Case: 09-41176 Document: 00511189772 Page: 1 Date Filed: 07/30/2010
IN THE UNITED STATES COURT OF APPEALS
FOR THE FIFTH CIRCUIT United States Court of Appeals
Fifth Circuit
FILED
July 30, 2010
No. 09-41176
Summary Calendar Lyle W. Cayce
Clerk
UNITED STATES OF AMERICA,
Plaintiff-Appellee
v.
JOE MCNABB,
Defendant-Appellant
Appeals from the United States District Court
for the Southern District of Texas
USDC No. 2:09-CR-543-2
Before KING, BENAVIDES, and ELROD, Circuit Judges.
PER CURIAM:*
Joe McNabb appeals the 293-month sentence imposed following his guilty
plea convictions to aiding and abetting in the possession of eight stolen firearms,
stealing 20 firearms from a licensed firearms dealer, and being a felon in
possession of 20 firearms. McNabb argues that the district court erred in
enhancing his offense level pursuant to U.S.S.G. § 2K2.1(b)(6) based on the use
of a firearm in connection with another felony offense, burglary of a building.
*
Pursuant to 5TH CIR . R. 47.5, the court has determined that this opinion should not
be published and is not precedent except under the limited circumstances set forth in 5TH CIR .
R. 47.5.4.
Case: 09-41176 Document: 00511189772 Page: 2 Date Filed: 07/30/2010
No. 09-41176
The Government contends that McNabb waived this argument in the district
court.
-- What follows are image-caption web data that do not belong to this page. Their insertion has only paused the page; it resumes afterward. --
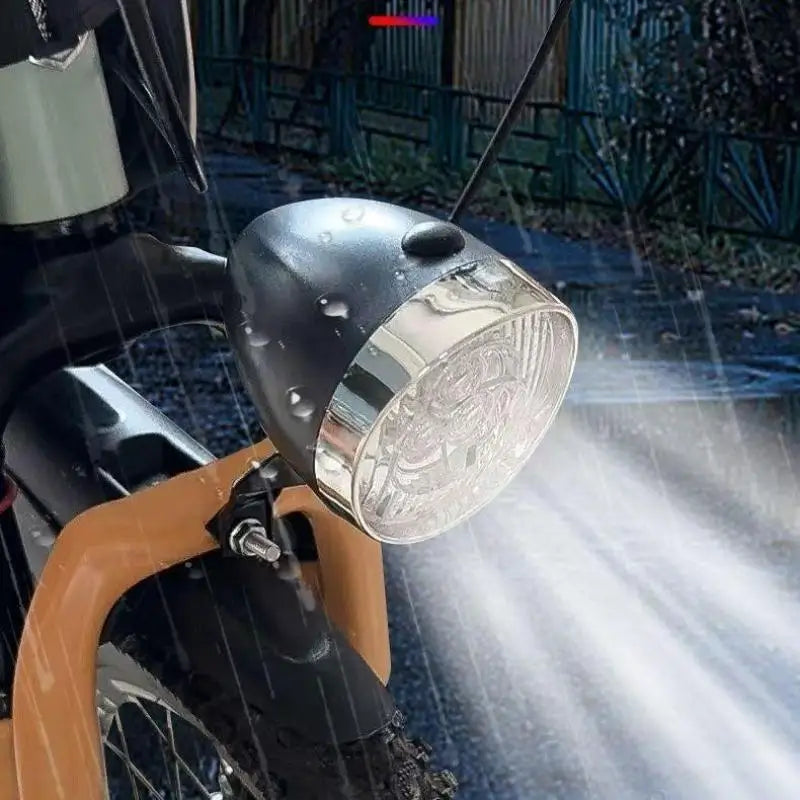 Vintage 3-LED Bicycle Headlight – Retro Bike Front Light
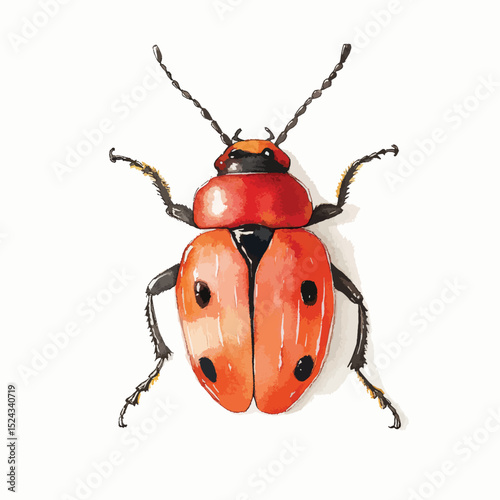 Watercolor Illustration of a ReddishOrange Ladybug with Distinct Black Spots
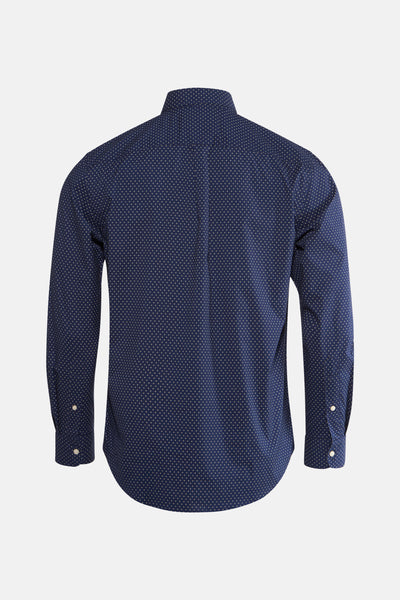 Blauwe blouse met lange mouwen van TOMMY HILFIGER, met subtiel patroon, met knopen aan de manchetten, achterzijde.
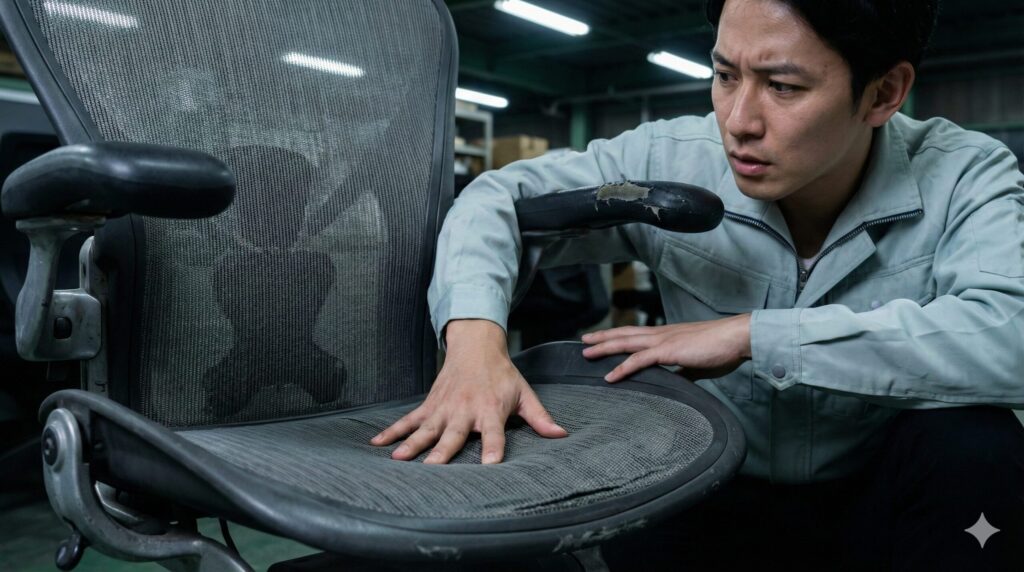 中古オフィスチェアの劣化やメッシュのへたりをチェックする様子。購入時の注意点。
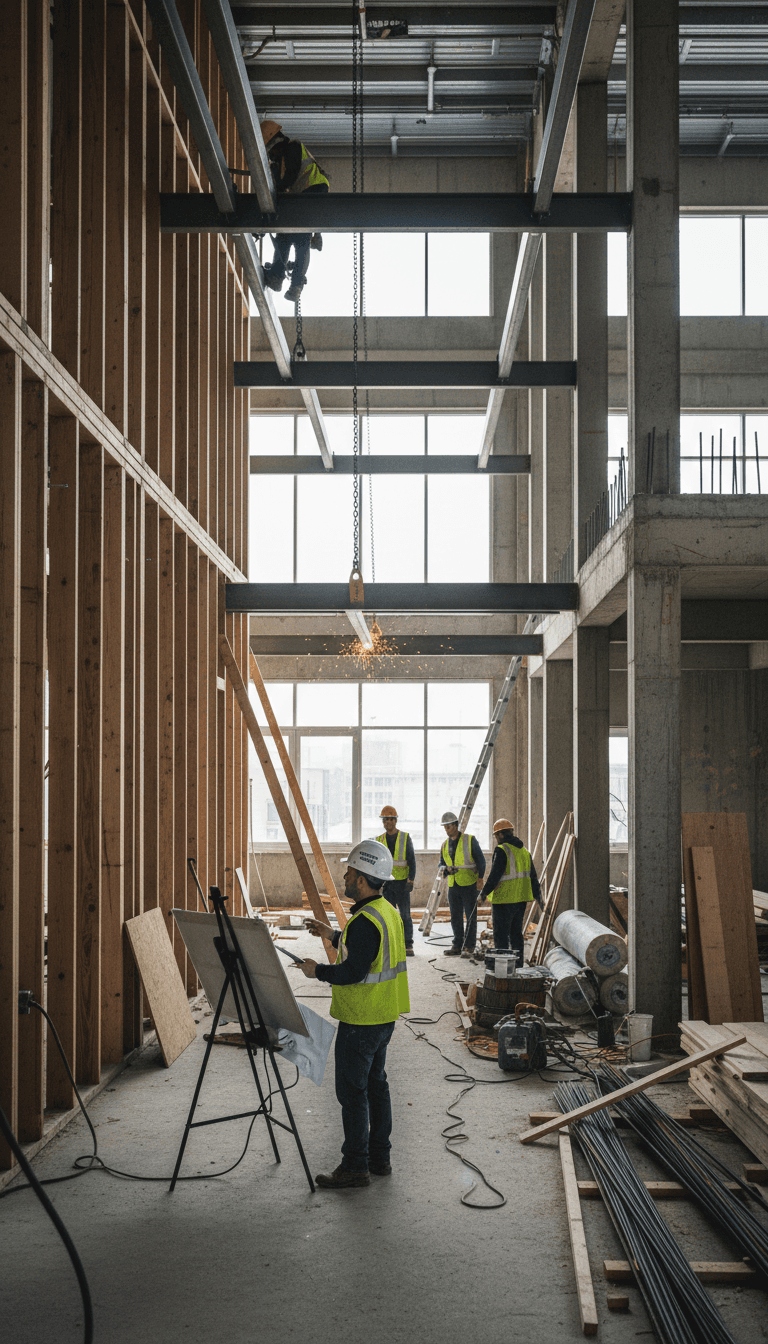 Active home renovation construction site showing framing and structural work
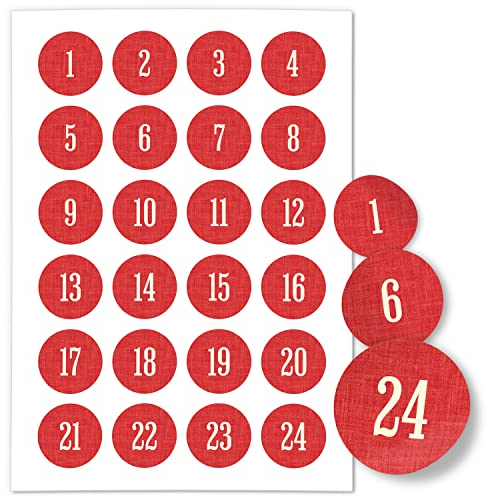 Adventskalender-Zahlen Aufkleber 1 bis 24 / Schlicht auf Rot/Etiketten/Sticker/Weihnachtskalender/Advent/Rund/DIY/zum Aufkleben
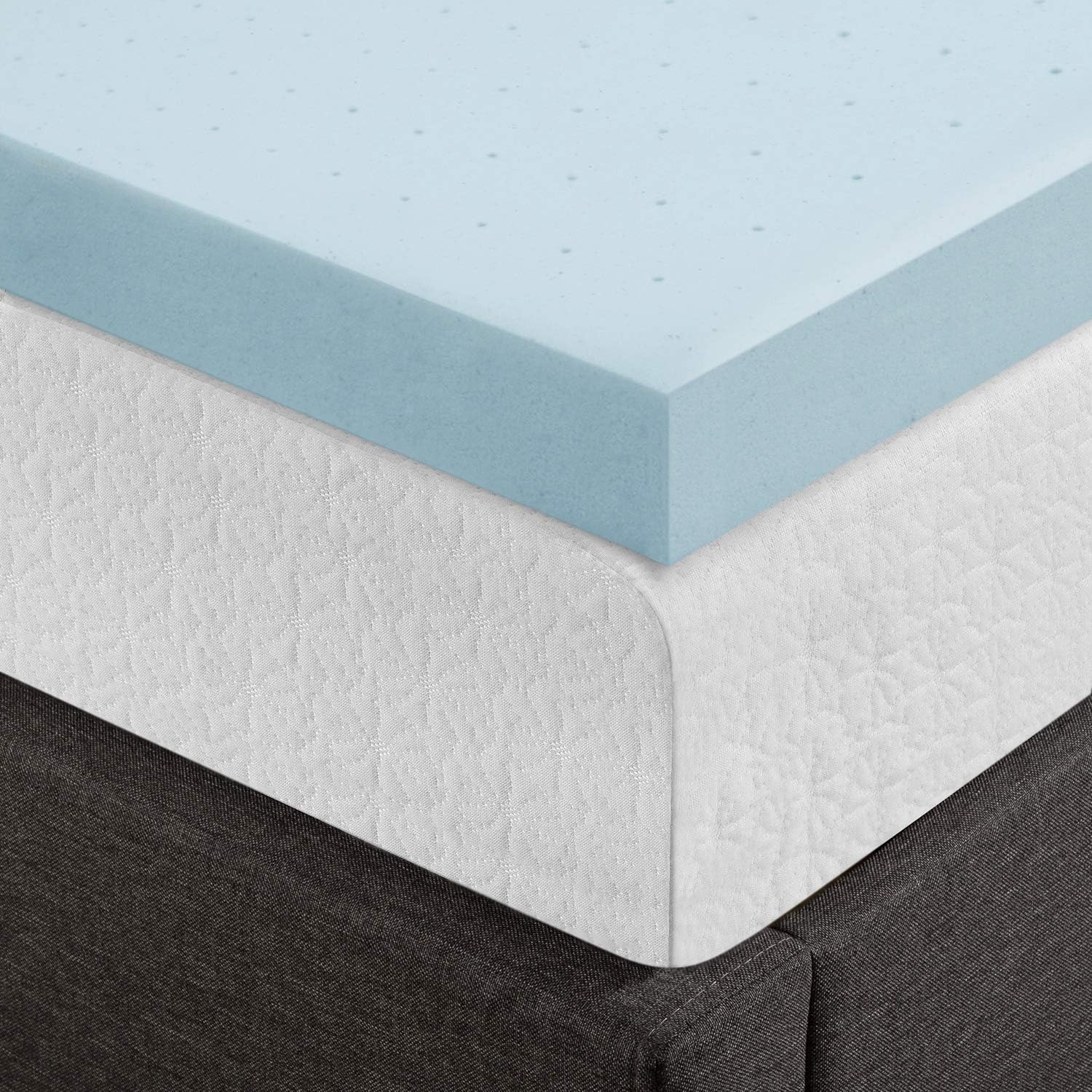Best Price Mattress 4 Inch Ventilated Memory Foam Mattress Topper, Cooling Gel Infusion, CertiPUR-US Certified, Dorm Essentials, Cal King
However, the record does not reflect that McNabb affirmatively
relinquished his right to assert an objection to the enhancement. See United
States v. Olano, 507 U.S. 725, 733 (1993).
McNabb makes specific arguments on appeal that he did not make in the
district court. Therefore, review of those arguments is for plain error. See
United States v Guerrero-Robledo, 565 F.3d 940, 946 (5th Cir.), cert. denied, 130
S. Ct. 227 (2009).
McNabb argues for the first time on appeal that under Texas law his
offense of burglary was complete when he entered the gun shop with the intent
to steal and, thus, the subsequently stolen firearms could not be used to
facilitate a crime already committed. He argues that a plain reading of the
Guidelines implies that there must be a second crime committed before imposing
the enhancement.
Section 2K2.1(b)(6) authorizes a four-level increase of a defendant’s offense
level “[i]f the defendant used or possessed any firearm or ammunition in
connection with another felony offense.” Both the commentary following this
Guideline and this court’s interpretation of the Guideline support this
enhancement if a firearm is obtained contemporaneously with the commission
of a burglary offense. See United States v. Armstead, 114 F.3d 504, 512-13 (5th
Cir. 1997); U.S.S.G. § 2K2.1, comment. (n. 14(B)).
Insofar as McNabb argues that the possession of the firearm was not
separate in time and conduct from the burglary, this court has rejected the
argument that the other felony offense must be distinct from the possession of
the weapon. See United States v. Perez, 585 F.3d 880, 886-87 (5th Cir. 2009);
Armstead, 114 F.3d at 512.
The district court did not plainly err in enhancing McNabb’s offense level
pursuant to § 2K2.1(b)(6). See Puckett v. United States, 129 S. Ct. 1423, 1429
(2009). The sentence imposed is AFFIRMED.